Работают все – от древних стариков до белобрысых мальчишек. Мальчишки – "хлопчики" – сменили взрослых и потому ведут себя, как взрослые: строго, с достоинством, без лишних разговоров. Все они – ездовые на уборке богатого урожая и, кроме того, разведчики. От их зорких глаз не скроется ни один подозрительный человек. Они знают каждый ров, где может спрятаться враг, и находят диверсантов быстро и безошибочно.

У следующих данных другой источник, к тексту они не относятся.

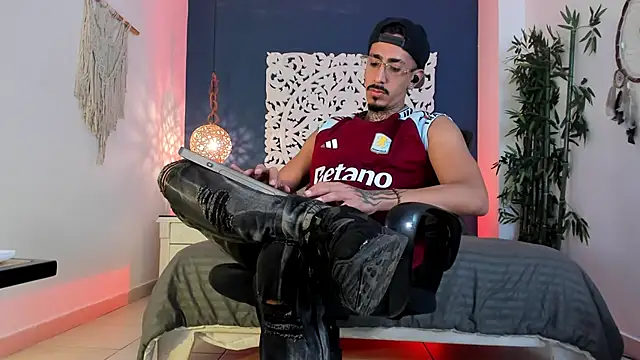 Donovan Desmond online show from March 2026 02:50:02 AM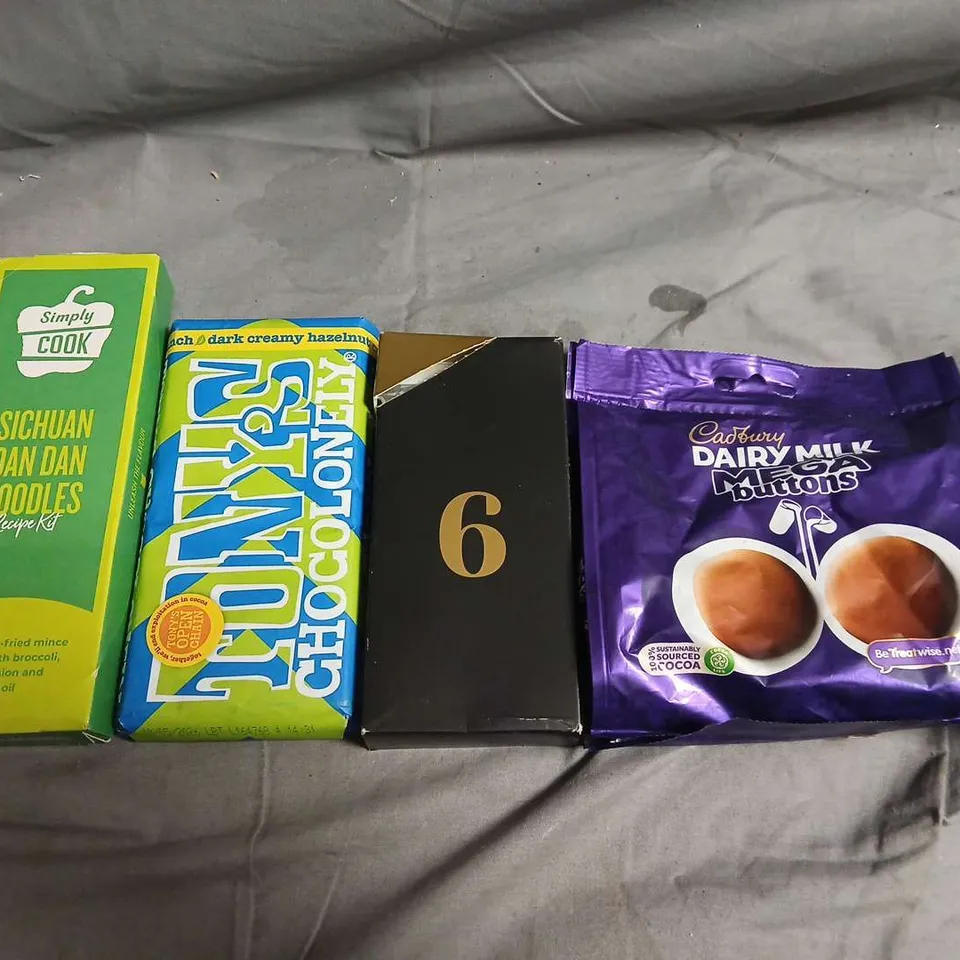 APPROXIMATELY 10 ASSORTED FOOD ITEMS TO INCLUDE - SIMPLY COOK, TONYS CHOCOLATE AND MILK BUTTONS - COLLECTION ONLY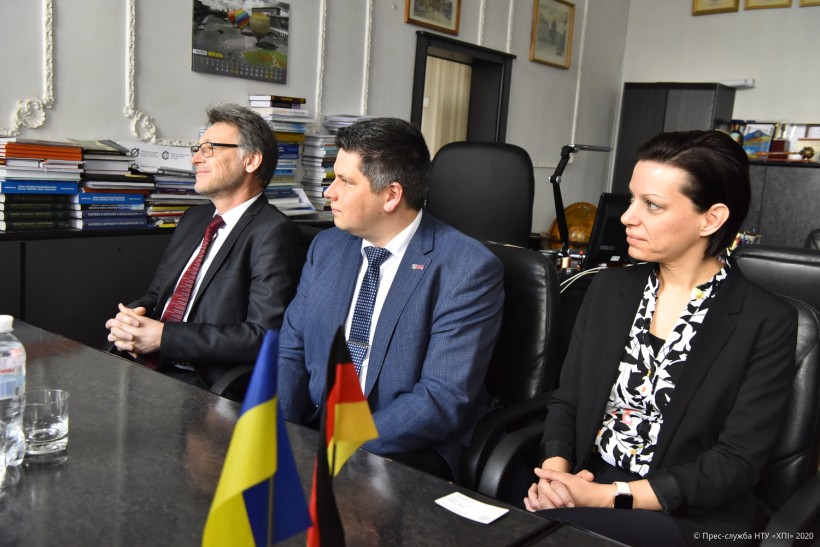 ХПІ спільно з німецьким вишем працюватиме над науковими програмами, двосторонніми проєктами та здійснить академічний обмін - підписано договір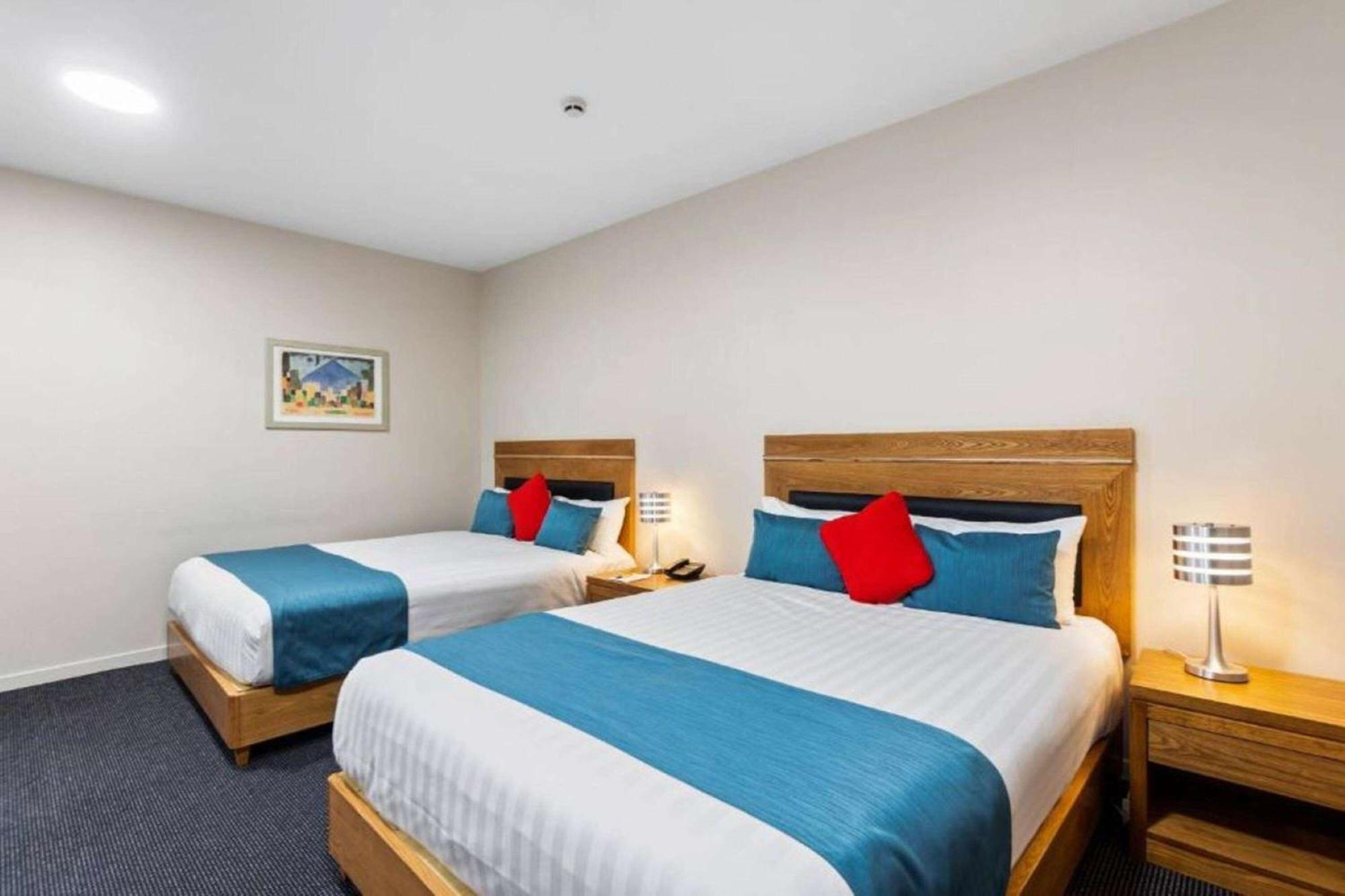 Ramada By Wyndham, Hamilton City Center Екстериор снимка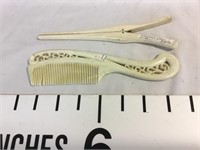 Vintage Plastic Comb and Bone Glove stretcher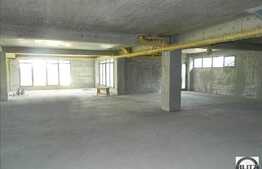 Spatiu comercial, zona Plopilor, 475 mp, locatie cu vizibilitate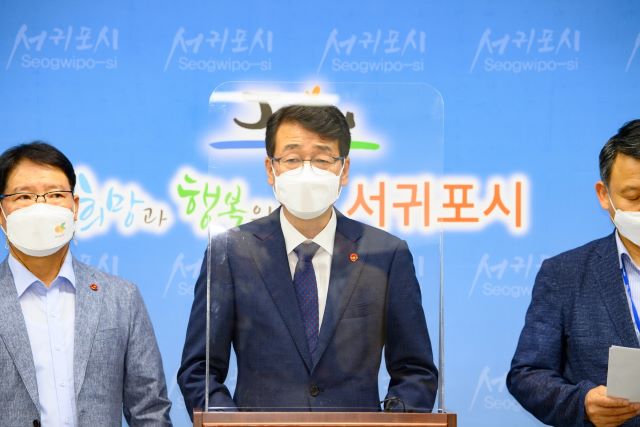 김태엽 서귀포시장이 29일 오전 10시 30분 서귀포시청 기자실에서 취임 1주년 기념 기자회견을 통해 초심으로 돌아가 시민들과 함께 다시뛰겠다고 밝혔다. / 서귀포시 제공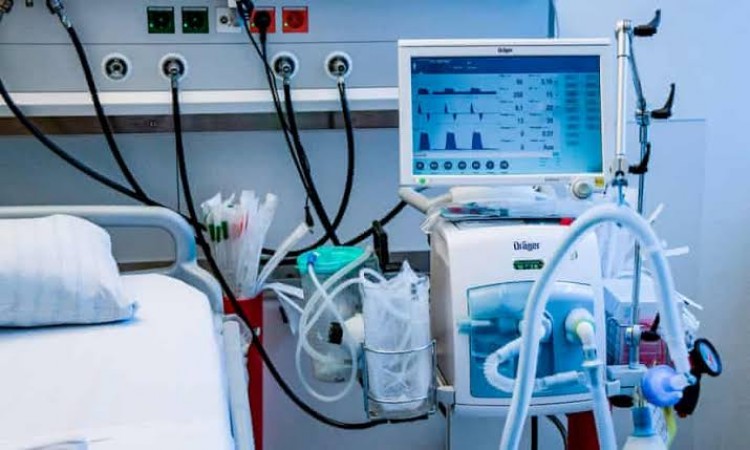 Maharashtra: 3 doctors held for charging a lakh for ventilator bed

На следующее утро при нас две молодые колхозницы заметили в полях странного человека. Он был в комбинезоне, без шапки, весь в пыли и соломе. Увидев колхозниц, он лег. Они же нарочно остановили телегу и начали пить из крынки холодную воду. Человек в комбинезоне не выдержал. Он вышел из пшеницы и знаками попросил пить. Глаза у него были мутные, он шатался и только мычал. Женщины схватили его, связали вожжами, он сопротивлялся, но очень слабо. Человек этот оказался немецким летчиком. Его самолет был сбит нашим истребителем. Немец спустился на парашюте и два дня прятался в пшенице, пока не наткнулся на наших колхозниц.

– А вы не опасались, бабочки? – спросил наш водитель колхозниц. – Немец ведь был вооруженный!

– Мы думали, что он будет стрелять, – ответила нараспев одна из колхозниц. – Так и думали. А он не успел.

На уборку хлеба были брошены все. Уборка была трудная: зной, сухость, воровские налеты немецких истребителей, пытавшихся расстреливать колхозников пулеметным огнем. Но хлеб в "Маяке" был убран вовремя и вовремя обмолочен.

На следующий день, когда мы уезжали из колхоза, тот же старик, который нас задержал, сел в машину, чтобы показать нам дорогу до большого шляха.

– Война! – сказал старик задумчиво. – Мне много годов. Я еще в ту войну ранение получил. И я всем бойцам проходящим говорю: "Не отдавайте, сынки, тому немцу ни одного колоса пшеницы, ни кружки воды из наших колодцев, ни одной соломинки из нашего стога. Наше дело, как я понимаю, светлое, трудовое, и верх будет наш!"